Ann Downey

Personal information
- Native name: Áine Nic Giolla Domhnaigh (Irish)
- Born: 1957 (age 68–69) Kilkenny, Ireland

Sport
- Sport: Camogie
- Position: Centre field

Clubs
- Years: Club
- St Paul’s and Lisdowney

Inter-county
- Years: County
- Kilkenny

Inter-county titles
- All-Irelands: 12

= Ann Downey =

Irish camogie player (born 1957)

Ann Downey (born 1957 in Castlecomer, Ireland) is a retired camogie player, winner of 12 All Ireland inter-county medals, captaining the team in 1989 and 1994, and seven All-Ireland club medals with St Paul's and Lisdowney (1) – one more than her sister Angela who was suspended for one final.

==Family background==
Her father, Shem Downey won an All-Ireland medal with Kilkenny in 1947. Her twin sister Angela was cited in 2004 as the greatest player in the history of camogie.

==Career==
She went to school in Castlecomer before joining her sister in St Brigid’s in Callan.
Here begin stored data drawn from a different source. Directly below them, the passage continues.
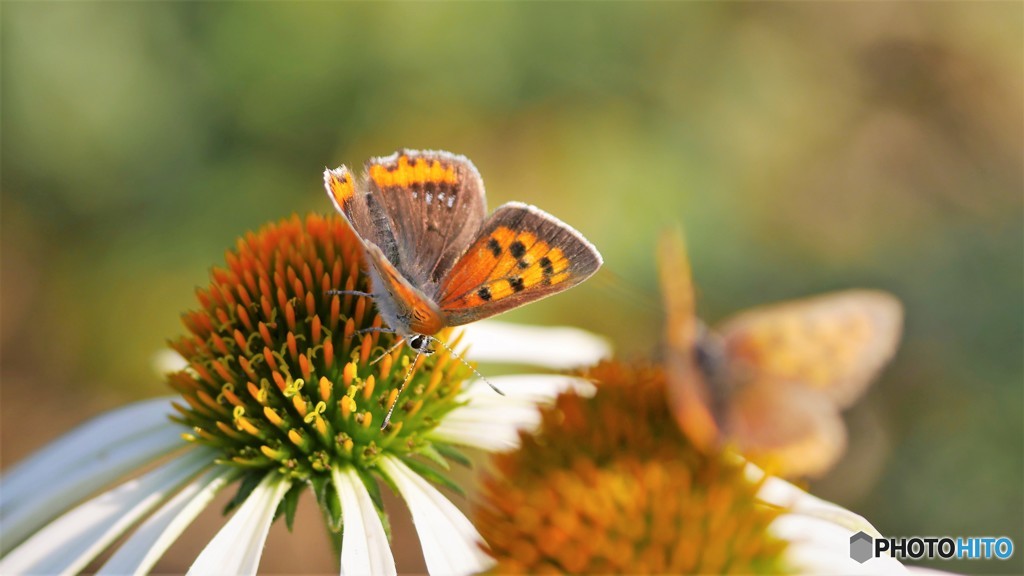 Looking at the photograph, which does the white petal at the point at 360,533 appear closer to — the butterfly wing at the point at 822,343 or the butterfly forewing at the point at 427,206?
the butterfly forewing at the point at 427,206

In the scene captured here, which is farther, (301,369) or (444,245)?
(444,245)

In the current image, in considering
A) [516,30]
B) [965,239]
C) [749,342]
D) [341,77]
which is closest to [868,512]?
[965,239]

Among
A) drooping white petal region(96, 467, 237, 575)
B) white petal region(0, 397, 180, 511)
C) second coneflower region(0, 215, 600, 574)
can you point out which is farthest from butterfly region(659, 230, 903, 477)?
white petal region(0, 397, 180, 511)

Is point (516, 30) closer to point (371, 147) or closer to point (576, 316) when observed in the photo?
point (371, 147)

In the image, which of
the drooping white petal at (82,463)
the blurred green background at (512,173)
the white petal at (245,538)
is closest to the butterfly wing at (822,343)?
the white petal at (245,538)

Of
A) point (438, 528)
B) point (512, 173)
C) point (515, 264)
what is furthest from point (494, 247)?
point (512, 173)

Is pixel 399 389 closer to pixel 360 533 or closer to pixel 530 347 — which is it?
pixel 360 533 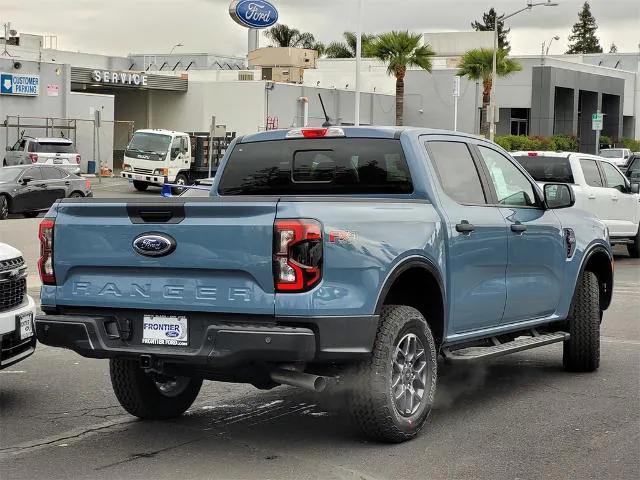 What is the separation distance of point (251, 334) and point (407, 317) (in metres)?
1.11

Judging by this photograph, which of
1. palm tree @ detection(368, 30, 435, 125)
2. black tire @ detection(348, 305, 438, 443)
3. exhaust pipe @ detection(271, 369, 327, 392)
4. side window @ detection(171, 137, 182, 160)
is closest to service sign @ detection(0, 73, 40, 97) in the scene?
side window @ detection(171, 137, 182, 160)

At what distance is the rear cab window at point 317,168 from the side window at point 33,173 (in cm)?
2256

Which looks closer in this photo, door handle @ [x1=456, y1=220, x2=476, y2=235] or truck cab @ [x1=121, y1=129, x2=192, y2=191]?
door handle @ [x1=456, y1=220, x2=476, y2=235]

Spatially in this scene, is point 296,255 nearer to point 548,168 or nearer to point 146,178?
point 548,168

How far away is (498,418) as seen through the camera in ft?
24.1

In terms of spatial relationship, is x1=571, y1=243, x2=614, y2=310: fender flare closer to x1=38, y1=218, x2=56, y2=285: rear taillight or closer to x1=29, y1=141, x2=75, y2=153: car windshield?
x1=38, y1=218, x2=56, y2=285: rear taillight

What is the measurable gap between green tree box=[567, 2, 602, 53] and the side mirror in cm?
12795

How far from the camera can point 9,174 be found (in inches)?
1142

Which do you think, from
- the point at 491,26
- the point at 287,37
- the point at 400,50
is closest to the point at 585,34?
the point at 491,26

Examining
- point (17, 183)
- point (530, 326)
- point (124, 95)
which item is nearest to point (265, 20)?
point (124, 95)

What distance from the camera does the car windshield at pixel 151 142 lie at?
42.3 meters

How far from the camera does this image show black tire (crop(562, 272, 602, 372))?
889 centimetres

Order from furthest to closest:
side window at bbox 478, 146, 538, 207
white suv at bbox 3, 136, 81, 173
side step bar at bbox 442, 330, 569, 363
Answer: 1. white suv at bbox 3, 136, 81, 173
2. side window at bbox 478, 146, 538, 207
3. side step bar at bbox 442, 330, 569, 363

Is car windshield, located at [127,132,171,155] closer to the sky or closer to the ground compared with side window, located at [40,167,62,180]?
closer to the sky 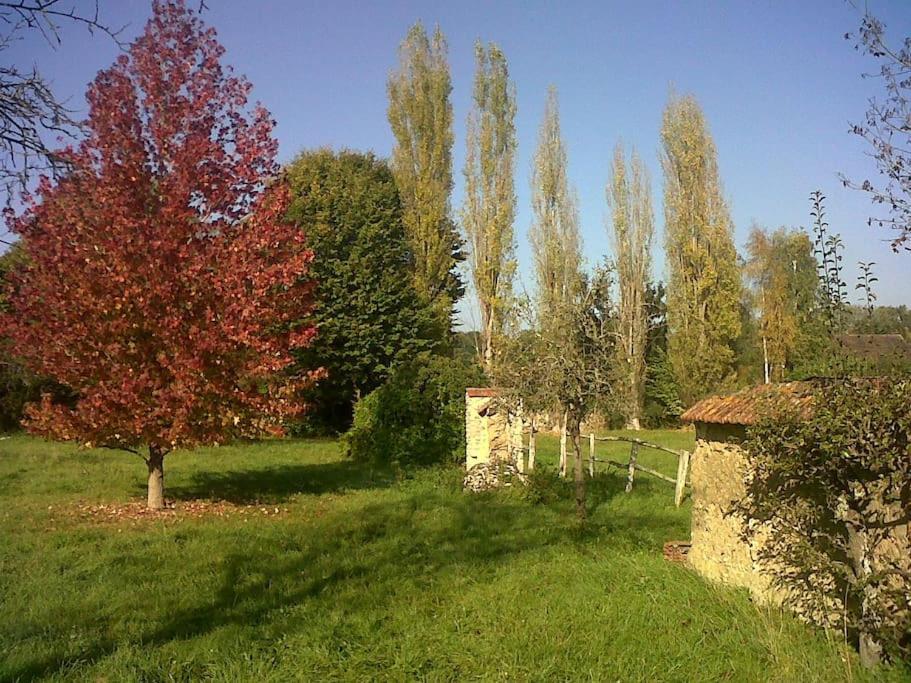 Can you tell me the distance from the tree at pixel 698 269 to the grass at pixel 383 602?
67.9 feet

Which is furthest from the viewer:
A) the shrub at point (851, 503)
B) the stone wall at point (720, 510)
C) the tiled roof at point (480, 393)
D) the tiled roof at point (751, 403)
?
the tiled roof at point (480, 393)

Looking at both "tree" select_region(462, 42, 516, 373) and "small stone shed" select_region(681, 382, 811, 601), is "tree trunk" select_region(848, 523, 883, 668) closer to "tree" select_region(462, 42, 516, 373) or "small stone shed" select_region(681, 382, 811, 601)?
"small stone shed" select_region(681, 382, 811, 601)

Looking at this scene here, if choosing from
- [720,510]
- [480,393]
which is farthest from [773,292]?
[720,510]

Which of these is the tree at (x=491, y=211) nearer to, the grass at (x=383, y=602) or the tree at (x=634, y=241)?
the tree at (x=634, y=241)

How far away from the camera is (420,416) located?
1841cm

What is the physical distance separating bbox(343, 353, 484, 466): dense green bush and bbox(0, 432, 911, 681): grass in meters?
5.81

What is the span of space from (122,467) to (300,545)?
411 inches

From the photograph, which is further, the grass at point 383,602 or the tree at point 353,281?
the tree at point 353,281

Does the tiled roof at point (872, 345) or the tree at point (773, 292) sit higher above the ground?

During their careers in the 1970s and '80s Kilkenny completely dominated the game, including winning seven senior All-Irelands in-a-row from 1985 to 1991.

==Awards==
She was recipient of the Player of the year award in 1991 on her own account and jointly with her sister Angela in 1986 and 1989. In 2010 the Downey sisters received a Lifetime Achievement in Sport award.

==Management==
In May 2007 she took over management of the Kilkenny camogie team, becoming only the second female manager in senior inter-county camogie, after Wexford's Stellah Sinnott.

==Team of the Century==
In 2004 when she was overlooked for selection on the Camogie team of the century, her sister Angela snubbed the ceremony.

==Other sports==
A notable golfer, she also won Irish Veterans' Championship over-40 women's squash singles in 1998.